Material for the task:
··········
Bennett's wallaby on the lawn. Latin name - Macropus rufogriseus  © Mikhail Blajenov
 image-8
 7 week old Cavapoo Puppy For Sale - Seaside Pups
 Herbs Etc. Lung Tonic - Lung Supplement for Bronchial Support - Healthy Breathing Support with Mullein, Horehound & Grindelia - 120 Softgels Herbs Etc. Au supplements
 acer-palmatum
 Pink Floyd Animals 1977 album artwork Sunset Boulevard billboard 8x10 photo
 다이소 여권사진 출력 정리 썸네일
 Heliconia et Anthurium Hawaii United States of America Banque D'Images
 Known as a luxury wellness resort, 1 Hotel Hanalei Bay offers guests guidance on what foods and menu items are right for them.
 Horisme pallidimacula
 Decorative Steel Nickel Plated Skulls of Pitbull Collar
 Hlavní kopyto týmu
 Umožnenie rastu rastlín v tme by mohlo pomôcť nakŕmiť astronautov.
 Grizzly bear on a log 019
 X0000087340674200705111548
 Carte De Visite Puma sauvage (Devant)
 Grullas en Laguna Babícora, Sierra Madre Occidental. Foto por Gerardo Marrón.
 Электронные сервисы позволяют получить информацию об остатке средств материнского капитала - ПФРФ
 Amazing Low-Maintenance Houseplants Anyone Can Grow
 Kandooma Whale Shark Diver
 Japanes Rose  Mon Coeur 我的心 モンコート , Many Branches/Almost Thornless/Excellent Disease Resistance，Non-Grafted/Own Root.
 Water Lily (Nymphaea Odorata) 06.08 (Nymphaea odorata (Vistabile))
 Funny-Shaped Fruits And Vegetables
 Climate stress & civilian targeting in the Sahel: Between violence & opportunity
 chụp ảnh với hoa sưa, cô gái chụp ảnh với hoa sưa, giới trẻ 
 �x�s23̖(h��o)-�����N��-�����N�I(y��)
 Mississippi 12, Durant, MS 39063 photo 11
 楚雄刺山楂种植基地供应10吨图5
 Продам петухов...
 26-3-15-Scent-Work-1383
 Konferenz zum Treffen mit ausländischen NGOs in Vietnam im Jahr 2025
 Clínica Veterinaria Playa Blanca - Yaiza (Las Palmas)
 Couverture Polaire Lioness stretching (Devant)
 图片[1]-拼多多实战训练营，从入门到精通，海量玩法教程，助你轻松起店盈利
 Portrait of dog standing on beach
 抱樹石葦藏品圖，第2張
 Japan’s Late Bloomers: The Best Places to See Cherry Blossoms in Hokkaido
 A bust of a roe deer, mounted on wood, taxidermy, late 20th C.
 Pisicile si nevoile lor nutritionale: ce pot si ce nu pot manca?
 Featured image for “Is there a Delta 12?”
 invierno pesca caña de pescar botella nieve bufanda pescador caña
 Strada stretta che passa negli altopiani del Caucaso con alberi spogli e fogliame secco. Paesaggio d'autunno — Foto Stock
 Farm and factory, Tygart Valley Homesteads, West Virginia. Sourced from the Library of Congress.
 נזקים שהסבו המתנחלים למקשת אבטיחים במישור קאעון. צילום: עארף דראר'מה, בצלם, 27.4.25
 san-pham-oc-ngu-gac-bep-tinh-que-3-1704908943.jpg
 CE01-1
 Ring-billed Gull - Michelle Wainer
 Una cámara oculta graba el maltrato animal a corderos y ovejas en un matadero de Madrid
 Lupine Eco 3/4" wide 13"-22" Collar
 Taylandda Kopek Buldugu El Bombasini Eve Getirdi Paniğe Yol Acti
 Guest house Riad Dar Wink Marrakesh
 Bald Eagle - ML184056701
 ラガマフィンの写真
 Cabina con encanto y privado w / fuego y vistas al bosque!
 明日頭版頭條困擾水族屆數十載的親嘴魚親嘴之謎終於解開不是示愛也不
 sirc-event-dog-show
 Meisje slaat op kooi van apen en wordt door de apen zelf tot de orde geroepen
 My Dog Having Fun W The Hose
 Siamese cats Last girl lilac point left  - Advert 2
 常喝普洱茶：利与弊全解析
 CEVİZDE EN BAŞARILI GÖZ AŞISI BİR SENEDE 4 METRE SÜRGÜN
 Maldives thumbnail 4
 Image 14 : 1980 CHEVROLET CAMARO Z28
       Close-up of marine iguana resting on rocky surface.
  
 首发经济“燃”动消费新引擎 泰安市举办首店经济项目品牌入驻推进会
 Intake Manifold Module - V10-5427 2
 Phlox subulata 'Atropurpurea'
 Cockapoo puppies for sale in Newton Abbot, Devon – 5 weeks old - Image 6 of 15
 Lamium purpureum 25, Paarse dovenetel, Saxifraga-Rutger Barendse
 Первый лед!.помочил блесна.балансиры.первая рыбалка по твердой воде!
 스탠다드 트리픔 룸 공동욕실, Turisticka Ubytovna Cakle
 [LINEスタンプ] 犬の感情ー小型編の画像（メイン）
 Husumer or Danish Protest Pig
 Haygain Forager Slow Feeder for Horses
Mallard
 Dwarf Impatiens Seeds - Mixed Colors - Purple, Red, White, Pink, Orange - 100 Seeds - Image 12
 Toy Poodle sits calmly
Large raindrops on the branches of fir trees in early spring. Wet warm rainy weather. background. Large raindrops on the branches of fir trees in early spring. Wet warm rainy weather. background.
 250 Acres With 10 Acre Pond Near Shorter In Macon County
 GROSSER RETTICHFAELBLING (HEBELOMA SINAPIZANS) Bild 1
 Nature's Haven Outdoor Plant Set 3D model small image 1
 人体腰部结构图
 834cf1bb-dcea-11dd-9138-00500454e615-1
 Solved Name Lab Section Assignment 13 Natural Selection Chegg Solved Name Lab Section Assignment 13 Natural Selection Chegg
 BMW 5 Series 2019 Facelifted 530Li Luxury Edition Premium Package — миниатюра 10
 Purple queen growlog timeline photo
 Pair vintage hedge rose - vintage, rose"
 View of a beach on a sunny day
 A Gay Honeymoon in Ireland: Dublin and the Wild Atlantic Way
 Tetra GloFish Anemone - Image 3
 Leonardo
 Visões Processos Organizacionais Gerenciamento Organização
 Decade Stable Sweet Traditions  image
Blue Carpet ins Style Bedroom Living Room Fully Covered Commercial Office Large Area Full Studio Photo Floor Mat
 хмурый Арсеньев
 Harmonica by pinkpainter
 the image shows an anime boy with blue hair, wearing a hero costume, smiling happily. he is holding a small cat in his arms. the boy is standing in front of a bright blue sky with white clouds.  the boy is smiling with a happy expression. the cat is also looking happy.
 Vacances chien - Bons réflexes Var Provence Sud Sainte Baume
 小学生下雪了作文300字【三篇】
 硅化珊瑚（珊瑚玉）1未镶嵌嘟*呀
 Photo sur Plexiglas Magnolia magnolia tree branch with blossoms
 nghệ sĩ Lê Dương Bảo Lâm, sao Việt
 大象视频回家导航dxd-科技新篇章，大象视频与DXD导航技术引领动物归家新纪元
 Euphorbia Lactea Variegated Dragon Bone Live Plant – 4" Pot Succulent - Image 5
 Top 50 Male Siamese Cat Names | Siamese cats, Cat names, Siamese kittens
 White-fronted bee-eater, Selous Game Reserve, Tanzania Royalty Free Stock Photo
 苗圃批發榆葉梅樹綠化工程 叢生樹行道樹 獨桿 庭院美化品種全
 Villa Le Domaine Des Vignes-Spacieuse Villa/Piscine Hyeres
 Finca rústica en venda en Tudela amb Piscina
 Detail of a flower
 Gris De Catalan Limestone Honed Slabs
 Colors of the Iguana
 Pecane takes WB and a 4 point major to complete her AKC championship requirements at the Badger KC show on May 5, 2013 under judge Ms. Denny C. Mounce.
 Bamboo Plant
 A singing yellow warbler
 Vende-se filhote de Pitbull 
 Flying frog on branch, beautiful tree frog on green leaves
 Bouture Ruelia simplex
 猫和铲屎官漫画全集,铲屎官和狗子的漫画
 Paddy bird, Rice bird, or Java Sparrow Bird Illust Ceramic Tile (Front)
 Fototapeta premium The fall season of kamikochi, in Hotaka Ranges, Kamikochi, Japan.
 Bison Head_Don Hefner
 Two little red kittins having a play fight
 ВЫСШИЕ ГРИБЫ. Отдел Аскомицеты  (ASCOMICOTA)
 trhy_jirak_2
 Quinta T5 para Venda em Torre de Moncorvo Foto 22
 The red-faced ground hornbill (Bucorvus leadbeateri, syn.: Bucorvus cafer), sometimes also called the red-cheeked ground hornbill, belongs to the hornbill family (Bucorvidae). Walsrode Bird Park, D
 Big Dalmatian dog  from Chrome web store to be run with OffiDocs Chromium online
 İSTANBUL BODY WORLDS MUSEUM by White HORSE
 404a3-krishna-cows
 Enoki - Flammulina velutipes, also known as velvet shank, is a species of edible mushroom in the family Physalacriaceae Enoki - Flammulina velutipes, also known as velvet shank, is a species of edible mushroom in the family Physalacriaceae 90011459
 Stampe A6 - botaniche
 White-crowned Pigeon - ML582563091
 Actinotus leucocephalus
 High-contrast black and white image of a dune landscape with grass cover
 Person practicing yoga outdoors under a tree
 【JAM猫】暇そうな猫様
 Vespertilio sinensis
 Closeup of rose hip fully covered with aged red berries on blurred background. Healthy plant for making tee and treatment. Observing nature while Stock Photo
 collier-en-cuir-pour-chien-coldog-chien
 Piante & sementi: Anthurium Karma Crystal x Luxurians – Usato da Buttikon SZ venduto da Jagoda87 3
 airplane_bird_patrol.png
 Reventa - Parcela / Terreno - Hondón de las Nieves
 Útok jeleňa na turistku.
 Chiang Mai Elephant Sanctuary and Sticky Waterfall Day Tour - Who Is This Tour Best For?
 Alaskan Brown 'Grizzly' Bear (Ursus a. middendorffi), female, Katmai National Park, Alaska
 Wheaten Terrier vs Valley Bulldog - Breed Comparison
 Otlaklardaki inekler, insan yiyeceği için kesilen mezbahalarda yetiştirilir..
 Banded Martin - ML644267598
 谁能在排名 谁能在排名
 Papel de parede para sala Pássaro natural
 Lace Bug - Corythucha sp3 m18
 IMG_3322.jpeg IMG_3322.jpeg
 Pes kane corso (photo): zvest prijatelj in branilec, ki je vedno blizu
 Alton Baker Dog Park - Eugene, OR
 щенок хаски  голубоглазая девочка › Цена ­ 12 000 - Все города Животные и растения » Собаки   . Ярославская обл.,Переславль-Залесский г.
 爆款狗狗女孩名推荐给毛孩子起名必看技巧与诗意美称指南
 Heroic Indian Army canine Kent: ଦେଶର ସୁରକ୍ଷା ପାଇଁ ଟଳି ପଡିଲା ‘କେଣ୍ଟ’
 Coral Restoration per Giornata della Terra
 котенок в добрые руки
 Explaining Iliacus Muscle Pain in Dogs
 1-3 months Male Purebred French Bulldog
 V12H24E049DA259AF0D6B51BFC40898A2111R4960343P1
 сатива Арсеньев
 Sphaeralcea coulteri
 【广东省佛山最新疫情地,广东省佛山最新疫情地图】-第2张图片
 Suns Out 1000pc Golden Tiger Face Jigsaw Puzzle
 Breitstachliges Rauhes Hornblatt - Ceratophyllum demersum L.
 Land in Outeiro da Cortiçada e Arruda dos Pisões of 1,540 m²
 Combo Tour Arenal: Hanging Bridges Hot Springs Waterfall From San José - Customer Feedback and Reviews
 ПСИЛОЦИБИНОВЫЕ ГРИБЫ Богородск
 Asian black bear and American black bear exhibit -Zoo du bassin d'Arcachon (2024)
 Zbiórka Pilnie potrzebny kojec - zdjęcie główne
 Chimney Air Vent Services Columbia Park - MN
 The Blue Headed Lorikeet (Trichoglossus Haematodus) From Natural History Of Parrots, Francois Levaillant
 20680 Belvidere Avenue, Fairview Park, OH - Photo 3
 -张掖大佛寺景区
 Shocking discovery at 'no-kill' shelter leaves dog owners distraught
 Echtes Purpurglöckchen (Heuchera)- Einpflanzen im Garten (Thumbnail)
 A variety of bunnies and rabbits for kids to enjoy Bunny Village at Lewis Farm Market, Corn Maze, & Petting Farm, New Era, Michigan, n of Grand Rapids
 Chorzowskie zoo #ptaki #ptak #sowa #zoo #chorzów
··········
Task directions:
Begin with the line that has "Photo sur Plexiglas" in the listing above and end after the line that has "trhy_jirak_2"; output those lines exactly.

Answer for this exercise:
 Photo sur Plexiglas Magnolia magnolia tree branch with blossoms
 nghệ sĩ Lê Dương Bảo Lâm, sao Việt
 大象视频回家导航dxd-科技新篇章，大象视频与DXD导航技术引领动物归家新纪元
 Euphorbia Lactea Variegated Dragon Bone Live Plant – 4" Pot Succulent - Image 5
 Top 50 Male Siamese Cat Names | Siamese cats, Cat names, Siamese kittens
 White-fronted bee-eater, Selous Game Reserve, Tanzania Royalty Free Stock Photo
 苗圃批發榆葉梅樹綠化工程 叢生樹行道樹 獨桿 庭院美化品種全
 Villa Le Domaine Des Vignes-Spacieuse Villa/Piscine Hyeres
 Finca rústica en venda en Tudela amb Piscina
 Detail of a flower
 Gris De Catalan Limestone Honed Slabs
 Colors of the Iguana
 Pecane takes WB and a 4 point major to complete her AKC championship requirements at the Badger KC show on May 5, 2013 under judge Ms. Denny C. Mounce.
 Bamboo Plant
 A singing yellow warbler
 Vende-se filhote de Pitbull 
 Flying frog on branch, beautiful tree frog on green leaves
 Bouture Ruelia simplex
 猫和铲屎官漫画全集,铲屎官和狗子的漫画
 Paddy bird, Rice bird, or Java Sparrow Bird Illust Ceramic Tile (Front)
 Fototapeta premium The fall season of kamikochi, in Hotaka Ranges, Kamikochi, Japan.
 Bison Head_Don Hefner
 Two little red kittins having a play fight
 ВЫСШИЕ ГРИБЫ. Отдел Аскомицеты  (ASCOMICOTA)
 trhy_jirak_2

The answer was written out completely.